As the title says, when is the module of Kahler differentials a free module? In particular, are there known conditions or criterions that could be met that ensures that it will be free?

For example, if one has a finitely generated algebra $S=k[x_0,\cdots,x_n]/(f_1,\cdots, f_l)$ over a field $k$, then one could require that the generators induced from the $f_i$ for $\Omega_{S/k}$ be linearly independent. However, this is a very naive approach. I was curious if there something more interesting. For example, if the ring $S=k[x_0,\cdots,x_n]/(f_1,\cdots, f_l)$ (where $l<n$) has the property that the determinant of the matrix $(\frac{\partial f_i}{\partial x_j})_{i,j=1}^l$ is a unit of $S$. I am not entirely sure if that is accurate on the top of my head, but something along those lines.

Another question is, when is the module of differentials reflexive?

Answer 1

This is just expanding my comment above (which I messed up forgetting dollar signs).

For simplicity, let me assume that $X\subset\mathbb{A}^n$ be a $d$ dimensional smooth variety with $\Omega^1_X$ free of rank $d$ (in characteristic zero, like your situation, it always is smooth, but in positive characteristic, you need to assume smoothness).
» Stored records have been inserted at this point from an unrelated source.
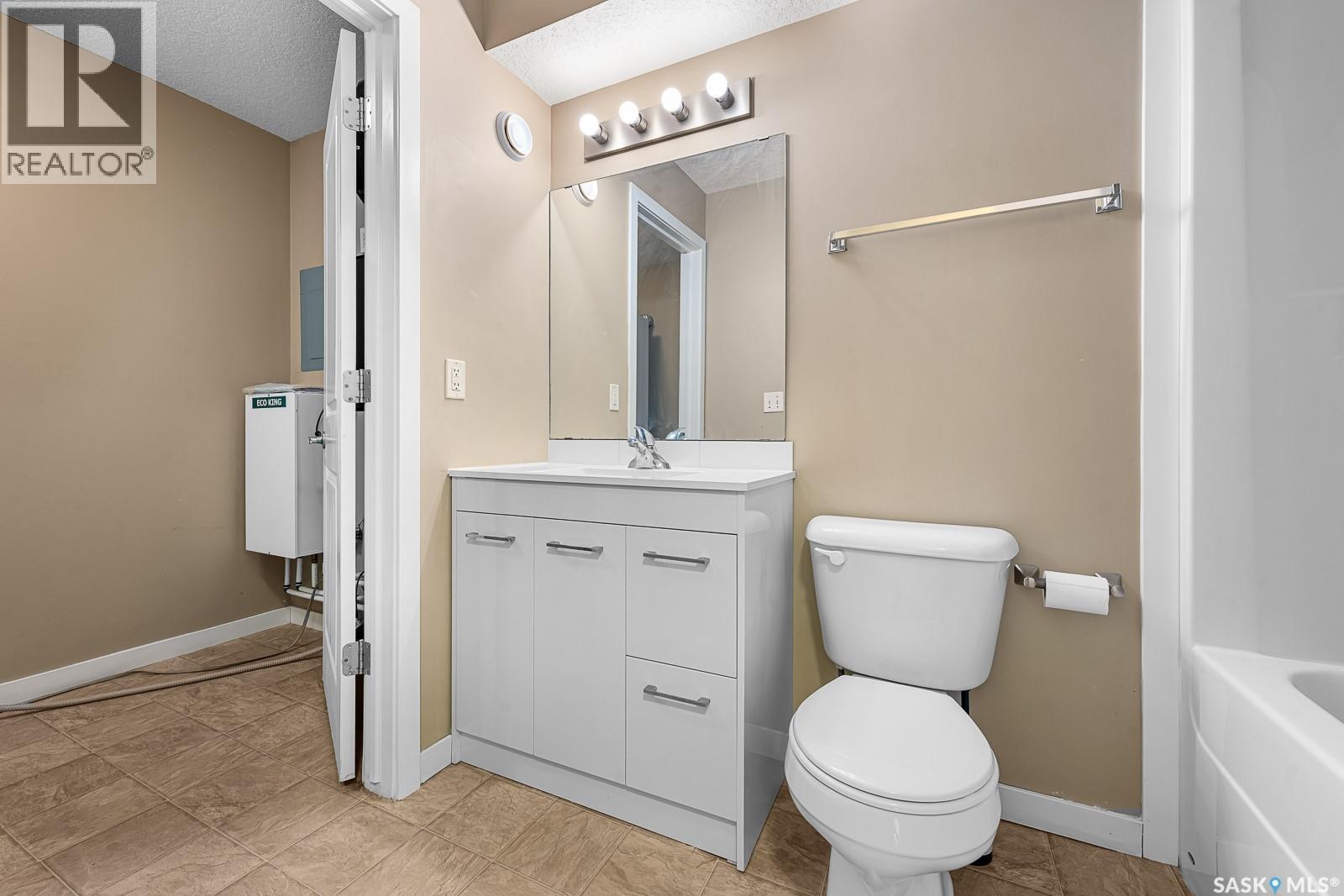 130 5063 James Hill Road, Regina, Saskatchewan  S4W 0B9 - Photo 12 - SK031567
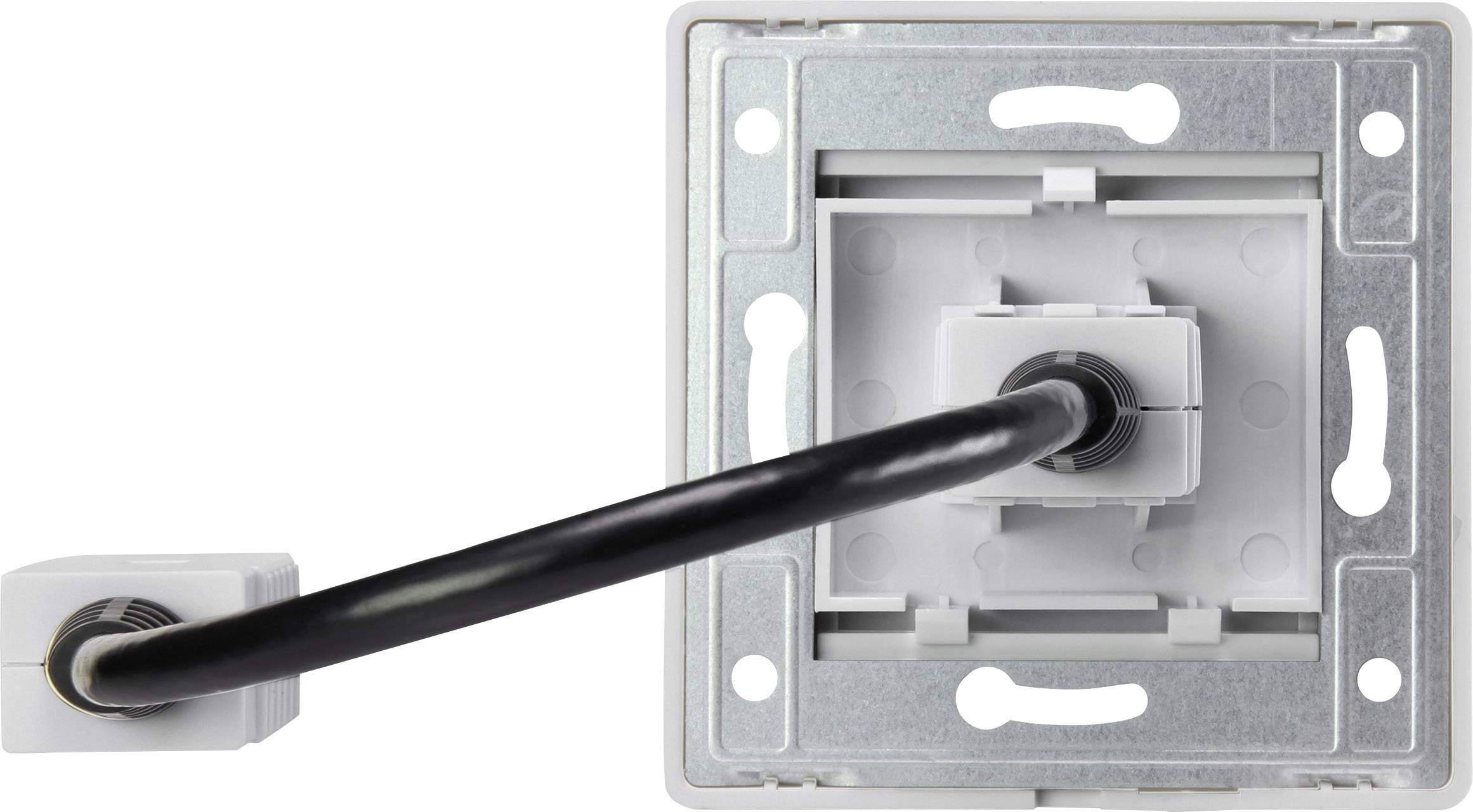 Un câble coaxial est connecté à l'arrière d'une prise murale. Il montre le câblage avant la pose d'un couvercle.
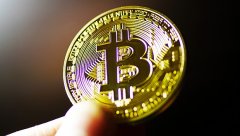中国三大比特币交易平台将收交易费 美媒：抑制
Then, for a sufficiently large $m$, embed $\mathbb{A}^n\subset \mathbb{A}^{n+m}$ as a linear subspace and then $X\subset\mathbb{A}^{n+m}$ is a complete intersection. Here is a sketch of the proof.
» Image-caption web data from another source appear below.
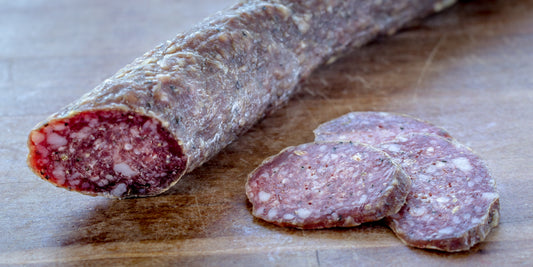 Lufttørret fennikelspegepølse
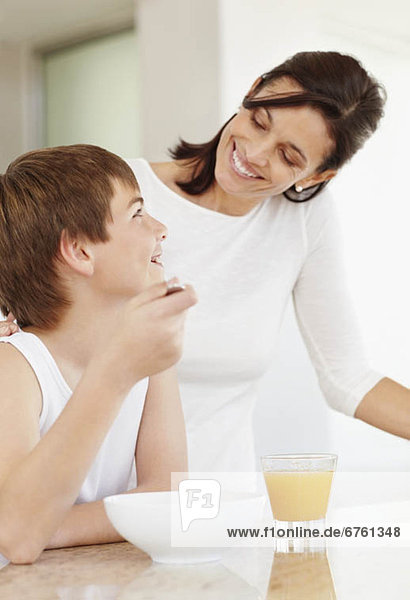 umarmen  Sohn  essen  essend  isst  12-13 Jahre  12 bis 13 Jahre  Mutter - Mensch  Frühstück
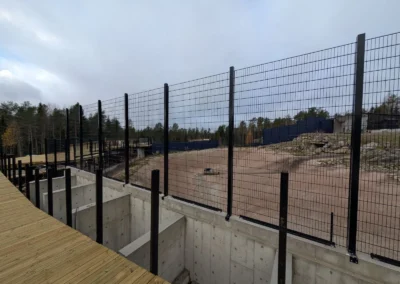 aitauksen verkkoaita on erityisen vahvaa teräselementtiaitaa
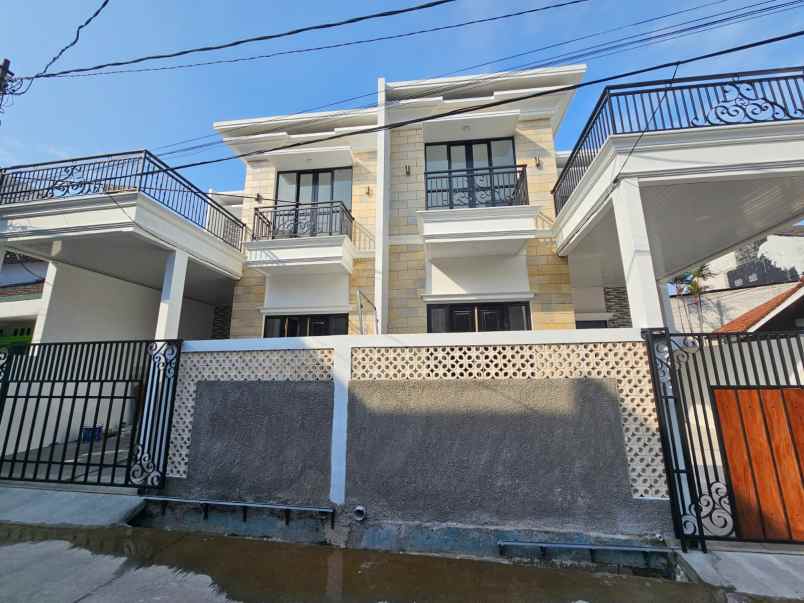 dijual rumah jl setia jatiwaringin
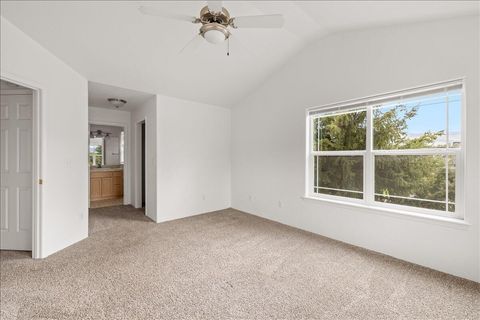 Tiny photo for 228 Talent Avenue #16, Talent, OR 97540 (MLS # 220219431)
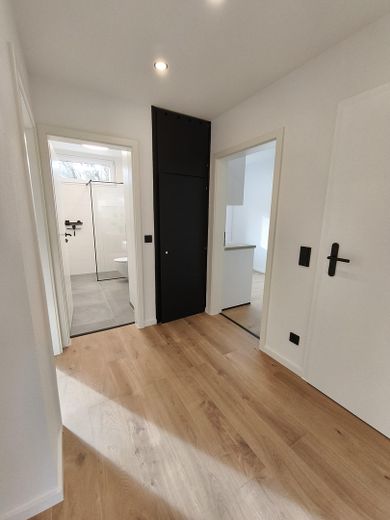 li. Bad. + re.Küche & Ausgang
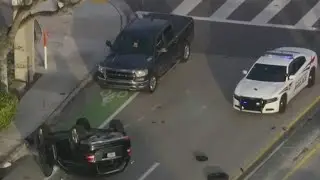 Plantation police officer injured in 2-vehicle crash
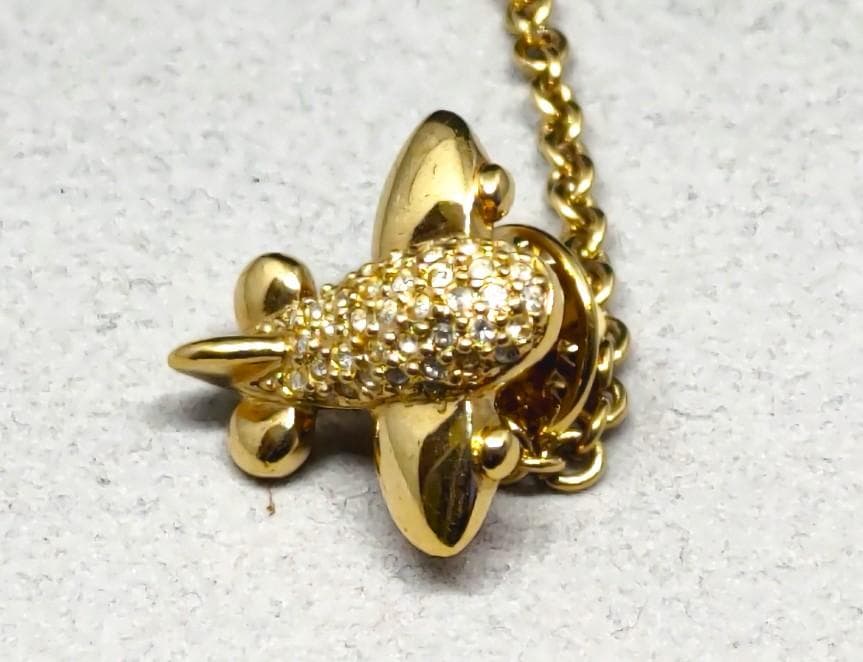 Burberrys　バーバリー　くま　ベア　飛行機　ピンバッジ　40371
Let $I$ define $X\subset\mathbb{A}^n$. Then one has the Euler sequence, $$0\to I/I^2\to \Omega^1_{\mathbb{A}^n|X}\to\Omega^1_X\to 0.$$

Thus $I/I^2$ is stably free. So, if we emebed $X\subset\mathbb{A}^{n+r}$, for large $r$, and call $I$ as the defining ideal of $X$ in this larger space, one gets $I/I^2$ to be stably free and large rank. A stably free module of sufficiently large rank is free by Bass's theorem. So, we may assume that $I/I^2$ is free (of rank, the codimension of $X$).
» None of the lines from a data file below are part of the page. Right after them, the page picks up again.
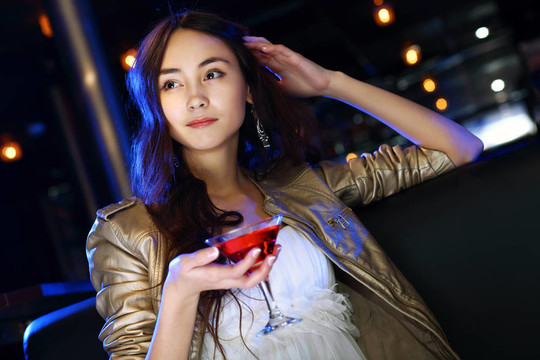 夜總會(huì)里有魅力的女人喝一杯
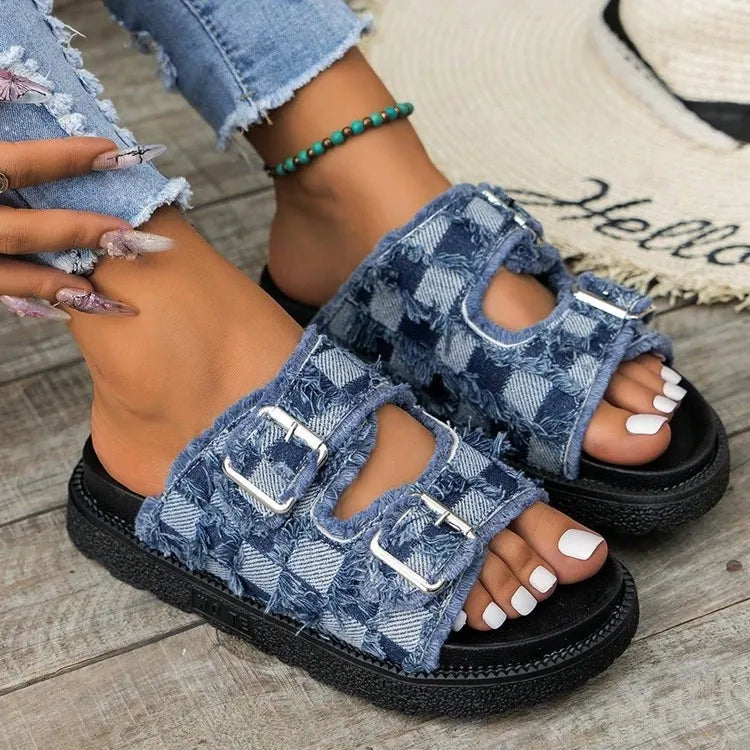 Raw edge checkered cloth buckle sandals side view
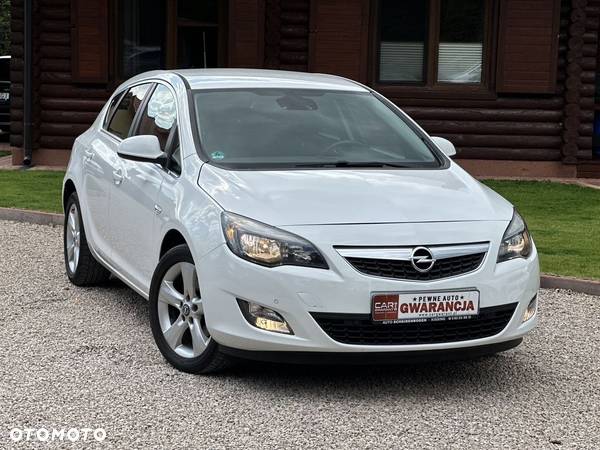 Opel Astra 1.6 Turbo Color Edition - 4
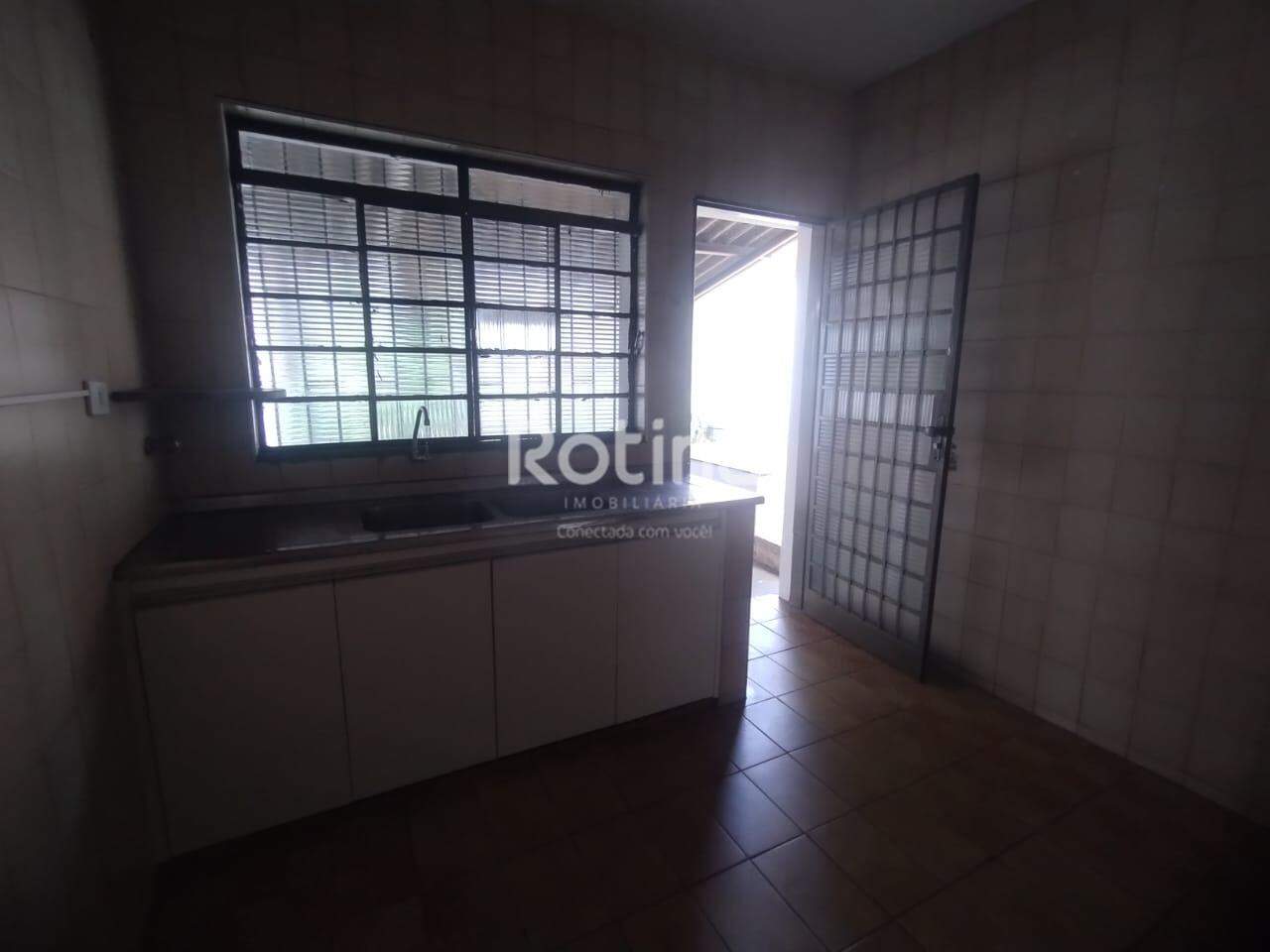 Casa para alugar, 2 quartos em Uberlândia no bairro Martins no valor de R$ 1.600,00 - Rotina Imobiliária:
Now adding one more variable, say $y$, one can check that $I+(y)$ is in fact generated by the correct number of elements. For this, first pick a set of elements $f_1,\ldots, f_s\in I$ which generate $I/I^2$. Then by Nakayama, it is easy to see that there exists an element $h\in I$ such that $h(1-h)\in (f_1,\ldots, f_s)$ and $I=(f_1,\ldots, f_s,h)$. Then $I+(y)=(f_1,\ldots, f_s,h+y(1-h))$, proving what you want.